Er kontrolliert, ob die Tür verschlossen ist, das ist sein Job, aber er hofft, dass sie offen ist, das wäre sein Leben ;)
Zwangsstörung. Das muss für den Betroffenen eine ziemliche Last sein. Manchmal hat man ja selbst so Ansätze davon, aber eben immer nur Ansätze.
"Er leidet, aber das Schließen und die Kontrolle sind auch eine Lust und ein Ersatz für etwas Anderes, dass irgendwann mal in ihm zerbrochen ist. Er will es wieder zusammenfügen, aber das braucht seine Zeit." - Sehr plastisch diese Schilderung.
zwangsstörung oder -neurose, oder der rückversicherertick, ähnlich des tunnelblicks, und man muß aufpassen, nicht "durchzubrennen", ehe professionelle hilfe vor ort ist - eine dichte alltagsbeobachtung, ganz gleich, ob nun fiktiv oder real, ich denke, es gibt eine menge leute, die solche symptome aufweisen, daran leiden ...
Lieber por,
dieses Parkhaus scheint noch eine Menge Überraschungen zu bergen, auch auf die nächsten bin ich gespannt!
Lieber meisterfalk,
vielen Dank für den Kommentar. Es kommt noch was hinzu.
Herzliche Grüße
por
Lieber streifzug,
ja so in etwa. :O)
por
Liebe magda,
schön sind solche Störungen nicht. Das man selbst manchmal was davon hat, kenne ich auch.
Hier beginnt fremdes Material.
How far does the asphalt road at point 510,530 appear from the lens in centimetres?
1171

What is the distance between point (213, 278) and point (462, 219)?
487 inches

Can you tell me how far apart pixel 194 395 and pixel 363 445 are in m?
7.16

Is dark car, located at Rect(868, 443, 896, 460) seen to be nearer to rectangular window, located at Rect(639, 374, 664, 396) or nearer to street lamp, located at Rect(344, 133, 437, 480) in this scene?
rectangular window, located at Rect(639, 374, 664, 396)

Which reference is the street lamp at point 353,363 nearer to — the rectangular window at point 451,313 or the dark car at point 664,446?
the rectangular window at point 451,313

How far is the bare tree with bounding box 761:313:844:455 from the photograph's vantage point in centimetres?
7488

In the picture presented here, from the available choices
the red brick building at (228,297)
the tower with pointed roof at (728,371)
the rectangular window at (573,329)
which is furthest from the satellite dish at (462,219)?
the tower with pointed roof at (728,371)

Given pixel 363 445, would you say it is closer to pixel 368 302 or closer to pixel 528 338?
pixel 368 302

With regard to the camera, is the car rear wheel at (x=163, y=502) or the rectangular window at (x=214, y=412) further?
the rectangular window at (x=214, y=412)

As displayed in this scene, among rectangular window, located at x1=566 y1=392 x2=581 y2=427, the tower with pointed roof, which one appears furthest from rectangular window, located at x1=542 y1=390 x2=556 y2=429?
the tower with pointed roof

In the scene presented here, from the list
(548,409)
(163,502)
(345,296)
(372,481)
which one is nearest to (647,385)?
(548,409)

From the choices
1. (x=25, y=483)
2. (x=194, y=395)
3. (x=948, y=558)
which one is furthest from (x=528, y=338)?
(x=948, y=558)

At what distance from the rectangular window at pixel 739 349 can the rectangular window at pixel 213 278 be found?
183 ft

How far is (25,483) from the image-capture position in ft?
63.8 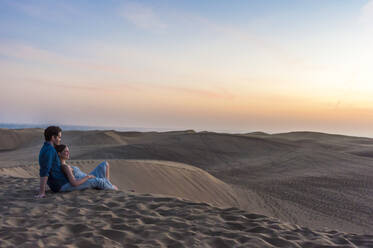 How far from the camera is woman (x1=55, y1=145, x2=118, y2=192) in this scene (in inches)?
236

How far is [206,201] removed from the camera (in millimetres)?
9258

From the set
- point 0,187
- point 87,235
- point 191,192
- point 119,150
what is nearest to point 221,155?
point 119,150

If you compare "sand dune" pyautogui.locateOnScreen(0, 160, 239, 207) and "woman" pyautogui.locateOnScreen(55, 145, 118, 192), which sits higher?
"woman" pyautogui.locateOnScreen(55, 145, 118, 192)

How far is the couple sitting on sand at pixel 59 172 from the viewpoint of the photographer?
18.4ft

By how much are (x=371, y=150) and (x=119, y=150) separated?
54.7 feet

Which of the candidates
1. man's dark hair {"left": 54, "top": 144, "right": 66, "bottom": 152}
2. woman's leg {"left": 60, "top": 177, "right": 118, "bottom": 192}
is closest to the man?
man's dark hair {"left": 54, "top": 144, "right": 66, "bottom": 152}

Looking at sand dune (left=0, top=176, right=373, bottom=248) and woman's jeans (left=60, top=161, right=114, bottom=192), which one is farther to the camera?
woman's jeans (left=60, top=161, right=114, bottom=192)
Herzliche Grüße nach Berlin
Grüß mir den Pandabären
por
Liebe jayne,
herzlichen Dank für den netten Kommentar, übrt den ich mich sehr gefreut habe. Das mit den Auffpassen vor dem "Durchbrennen" ist wohl wirklich sehr wichtig.
Herzliche Grüße
por
Lieber archinaut,
herzlichen Dank für den Kommentar, Ich habe mich wirklich gefreut.
por
"schön sind solche Störungen nicht. Das man selbst manchmal was davon hat, kenne ich auch."
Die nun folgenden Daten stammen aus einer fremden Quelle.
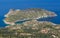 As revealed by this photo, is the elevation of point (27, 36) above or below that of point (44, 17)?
below

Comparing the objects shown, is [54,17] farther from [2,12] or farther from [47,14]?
[2,12]

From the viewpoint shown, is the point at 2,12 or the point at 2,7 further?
the point at 2,7

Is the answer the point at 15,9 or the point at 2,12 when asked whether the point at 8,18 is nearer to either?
the point at 2,12

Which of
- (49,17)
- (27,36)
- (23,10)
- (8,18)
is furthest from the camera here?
(23,10)

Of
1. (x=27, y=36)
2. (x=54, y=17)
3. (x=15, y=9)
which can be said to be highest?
(x=15, y=9)

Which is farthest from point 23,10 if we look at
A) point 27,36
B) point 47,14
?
point 27,36

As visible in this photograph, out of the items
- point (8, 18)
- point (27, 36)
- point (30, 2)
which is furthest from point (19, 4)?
point (27, 36)

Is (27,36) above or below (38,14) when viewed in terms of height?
below

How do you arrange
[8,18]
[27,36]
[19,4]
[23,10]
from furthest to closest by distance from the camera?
[19,4]
[23,10]
[8,18]
[27,36]

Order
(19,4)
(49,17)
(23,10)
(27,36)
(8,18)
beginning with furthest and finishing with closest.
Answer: (19,4), (23,10), (49,17), (8,18), (27,36)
Das ist ein Missverständnis.
"man hat etwas davon" - bedeutet hier, dass man (ich)
manchmal Ansätze dieser Störung an sich selbst beobachtet. Der unterschiedliche Sprachgebrauch verwirrt.
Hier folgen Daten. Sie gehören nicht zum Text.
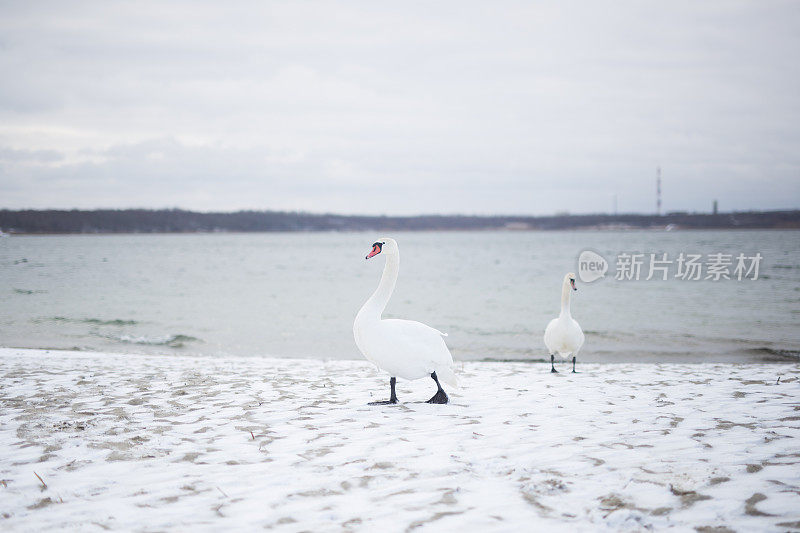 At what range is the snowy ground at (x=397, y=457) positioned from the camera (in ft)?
12.7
Der Pandabär hat auch nichts von mir. :-))
"schön sind solche Störungen nicht. Das man selbst manchmal was davon hat, kenne ich auch."
Nee, das ist ein Missverständnis sprachlicher Art. "Was davon haben" meint hier, dass man manchmal an sich selbst solche Symptome und Ansätze zum Kontrollwahn entdeckt.
Ich grüße den Pandabären, aber auch nur von fern.
Liuebe Magda,
sorry. Ich habe mich blöd aus gedrückt. Ich meite das Gleiche wie Du. Ich kenne solche Symptome auch.